--- Instructions for the task ---
Below are some entries; state how many of their lines contain the word "Alloy", with nothing else in the reply.

Dataset items
----------

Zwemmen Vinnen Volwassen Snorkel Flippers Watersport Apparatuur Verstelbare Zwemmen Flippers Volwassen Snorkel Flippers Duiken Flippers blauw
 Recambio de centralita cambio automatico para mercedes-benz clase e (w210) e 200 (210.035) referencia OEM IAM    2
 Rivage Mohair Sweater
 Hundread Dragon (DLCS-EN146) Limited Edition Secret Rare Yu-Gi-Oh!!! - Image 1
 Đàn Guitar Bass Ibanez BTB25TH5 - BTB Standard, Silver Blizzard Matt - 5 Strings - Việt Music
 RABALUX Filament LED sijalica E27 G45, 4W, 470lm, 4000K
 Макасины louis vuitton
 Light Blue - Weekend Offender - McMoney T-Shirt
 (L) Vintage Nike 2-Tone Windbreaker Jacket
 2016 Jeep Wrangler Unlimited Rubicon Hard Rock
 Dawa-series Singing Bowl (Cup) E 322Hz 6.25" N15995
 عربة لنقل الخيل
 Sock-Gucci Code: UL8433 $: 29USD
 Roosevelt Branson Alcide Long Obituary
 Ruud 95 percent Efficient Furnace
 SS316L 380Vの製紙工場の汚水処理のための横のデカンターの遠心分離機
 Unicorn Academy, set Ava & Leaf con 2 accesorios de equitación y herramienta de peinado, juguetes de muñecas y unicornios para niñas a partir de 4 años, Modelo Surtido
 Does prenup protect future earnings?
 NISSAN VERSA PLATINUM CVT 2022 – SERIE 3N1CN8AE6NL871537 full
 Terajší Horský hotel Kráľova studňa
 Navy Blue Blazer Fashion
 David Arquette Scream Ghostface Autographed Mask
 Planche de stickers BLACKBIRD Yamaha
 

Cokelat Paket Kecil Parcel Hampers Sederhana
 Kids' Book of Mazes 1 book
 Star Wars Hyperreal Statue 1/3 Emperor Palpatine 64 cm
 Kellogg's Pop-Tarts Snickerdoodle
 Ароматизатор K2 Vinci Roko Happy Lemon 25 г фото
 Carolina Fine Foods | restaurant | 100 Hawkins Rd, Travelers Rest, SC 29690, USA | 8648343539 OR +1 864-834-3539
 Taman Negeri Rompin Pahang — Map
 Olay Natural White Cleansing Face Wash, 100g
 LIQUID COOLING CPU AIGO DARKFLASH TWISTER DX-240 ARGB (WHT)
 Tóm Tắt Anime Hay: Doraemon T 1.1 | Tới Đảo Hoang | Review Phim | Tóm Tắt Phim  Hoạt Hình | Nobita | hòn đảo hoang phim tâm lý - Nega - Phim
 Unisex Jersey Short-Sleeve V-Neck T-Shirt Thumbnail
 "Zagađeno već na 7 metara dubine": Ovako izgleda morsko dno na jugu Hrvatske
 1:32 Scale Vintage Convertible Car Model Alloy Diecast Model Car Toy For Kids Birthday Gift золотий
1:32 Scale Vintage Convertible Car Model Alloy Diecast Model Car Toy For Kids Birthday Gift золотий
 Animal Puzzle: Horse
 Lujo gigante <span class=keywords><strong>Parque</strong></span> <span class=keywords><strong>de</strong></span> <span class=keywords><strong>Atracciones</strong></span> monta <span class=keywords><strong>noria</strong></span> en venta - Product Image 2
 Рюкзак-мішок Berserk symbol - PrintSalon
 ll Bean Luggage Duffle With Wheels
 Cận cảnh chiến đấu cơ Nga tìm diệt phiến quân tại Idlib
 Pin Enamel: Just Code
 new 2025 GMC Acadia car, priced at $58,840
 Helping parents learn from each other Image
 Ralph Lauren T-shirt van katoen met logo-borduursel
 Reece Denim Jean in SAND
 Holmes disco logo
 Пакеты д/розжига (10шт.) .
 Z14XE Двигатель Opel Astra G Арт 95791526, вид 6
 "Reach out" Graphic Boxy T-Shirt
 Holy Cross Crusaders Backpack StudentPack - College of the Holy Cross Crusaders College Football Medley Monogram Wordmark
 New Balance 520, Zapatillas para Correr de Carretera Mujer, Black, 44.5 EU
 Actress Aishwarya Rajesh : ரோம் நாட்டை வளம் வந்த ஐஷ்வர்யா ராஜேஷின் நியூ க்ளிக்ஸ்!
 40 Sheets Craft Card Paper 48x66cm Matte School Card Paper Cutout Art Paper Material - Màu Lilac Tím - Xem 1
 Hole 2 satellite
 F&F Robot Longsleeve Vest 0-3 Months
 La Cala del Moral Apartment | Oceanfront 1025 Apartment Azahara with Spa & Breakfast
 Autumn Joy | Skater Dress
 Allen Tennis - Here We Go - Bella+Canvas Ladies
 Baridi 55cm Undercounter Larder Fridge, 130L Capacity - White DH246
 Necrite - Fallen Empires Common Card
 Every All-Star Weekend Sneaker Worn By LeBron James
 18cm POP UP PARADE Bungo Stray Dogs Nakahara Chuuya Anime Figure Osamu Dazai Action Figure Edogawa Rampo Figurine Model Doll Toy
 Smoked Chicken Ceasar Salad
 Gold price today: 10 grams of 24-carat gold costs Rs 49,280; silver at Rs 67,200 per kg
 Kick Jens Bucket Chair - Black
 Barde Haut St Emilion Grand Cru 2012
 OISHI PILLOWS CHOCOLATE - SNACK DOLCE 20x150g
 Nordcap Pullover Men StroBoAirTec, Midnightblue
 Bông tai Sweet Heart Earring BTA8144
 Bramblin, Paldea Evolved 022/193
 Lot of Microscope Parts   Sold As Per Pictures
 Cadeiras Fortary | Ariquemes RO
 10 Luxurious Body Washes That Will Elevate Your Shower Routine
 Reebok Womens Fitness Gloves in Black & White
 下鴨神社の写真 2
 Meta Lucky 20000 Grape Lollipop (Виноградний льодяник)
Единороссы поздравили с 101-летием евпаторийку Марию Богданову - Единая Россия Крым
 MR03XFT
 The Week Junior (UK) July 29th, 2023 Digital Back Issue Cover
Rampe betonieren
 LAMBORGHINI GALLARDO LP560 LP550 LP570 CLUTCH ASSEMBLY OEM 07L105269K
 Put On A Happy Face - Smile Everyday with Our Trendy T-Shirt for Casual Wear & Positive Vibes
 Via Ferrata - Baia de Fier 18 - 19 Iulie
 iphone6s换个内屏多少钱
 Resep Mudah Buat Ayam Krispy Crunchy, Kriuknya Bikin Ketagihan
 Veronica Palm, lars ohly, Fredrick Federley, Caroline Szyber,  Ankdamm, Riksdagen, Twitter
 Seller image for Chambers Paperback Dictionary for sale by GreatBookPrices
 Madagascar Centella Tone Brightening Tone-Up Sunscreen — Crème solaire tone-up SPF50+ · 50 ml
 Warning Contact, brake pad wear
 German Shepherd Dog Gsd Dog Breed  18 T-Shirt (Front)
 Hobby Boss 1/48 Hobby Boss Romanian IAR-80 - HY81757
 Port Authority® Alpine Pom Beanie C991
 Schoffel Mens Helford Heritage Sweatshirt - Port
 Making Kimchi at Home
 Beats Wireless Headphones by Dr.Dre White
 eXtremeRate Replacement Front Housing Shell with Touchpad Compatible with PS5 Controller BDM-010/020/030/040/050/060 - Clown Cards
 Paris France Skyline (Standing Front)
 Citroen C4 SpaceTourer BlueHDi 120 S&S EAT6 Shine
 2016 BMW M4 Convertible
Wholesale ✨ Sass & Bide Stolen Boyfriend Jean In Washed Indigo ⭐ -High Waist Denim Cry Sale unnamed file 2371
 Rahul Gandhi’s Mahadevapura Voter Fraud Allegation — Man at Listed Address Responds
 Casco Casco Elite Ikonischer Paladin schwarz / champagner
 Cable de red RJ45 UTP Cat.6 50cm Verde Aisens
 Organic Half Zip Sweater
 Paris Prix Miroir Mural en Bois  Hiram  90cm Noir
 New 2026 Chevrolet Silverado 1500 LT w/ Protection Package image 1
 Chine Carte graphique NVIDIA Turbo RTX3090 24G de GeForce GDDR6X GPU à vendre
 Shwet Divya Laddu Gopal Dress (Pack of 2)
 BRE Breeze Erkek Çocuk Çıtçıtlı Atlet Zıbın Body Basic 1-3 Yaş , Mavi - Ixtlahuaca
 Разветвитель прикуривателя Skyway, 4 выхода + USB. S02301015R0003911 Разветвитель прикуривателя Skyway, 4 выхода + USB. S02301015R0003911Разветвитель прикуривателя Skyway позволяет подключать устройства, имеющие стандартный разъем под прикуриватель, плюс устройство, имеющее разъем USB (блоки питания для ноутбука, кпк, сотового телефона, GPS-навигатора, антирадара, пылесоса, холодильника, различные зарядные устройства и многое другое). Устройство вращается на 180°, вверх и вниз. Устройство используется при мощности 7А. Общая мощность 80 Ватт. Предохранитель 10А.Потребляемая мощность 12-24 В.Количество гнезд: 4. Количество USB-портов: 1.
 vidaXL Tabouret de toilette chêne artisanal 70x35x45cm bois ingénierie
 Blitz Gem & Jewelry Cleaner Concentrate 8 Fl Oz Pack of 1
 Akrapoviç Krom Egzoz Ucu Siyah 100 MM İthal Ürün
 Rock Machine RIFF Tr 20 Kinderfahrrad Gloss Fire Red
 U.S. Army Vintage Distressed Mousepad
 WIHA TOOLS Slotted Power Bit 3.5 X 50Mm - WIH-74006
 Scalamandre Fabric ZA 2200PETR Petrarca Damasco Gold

----------

--- Written solution ---
2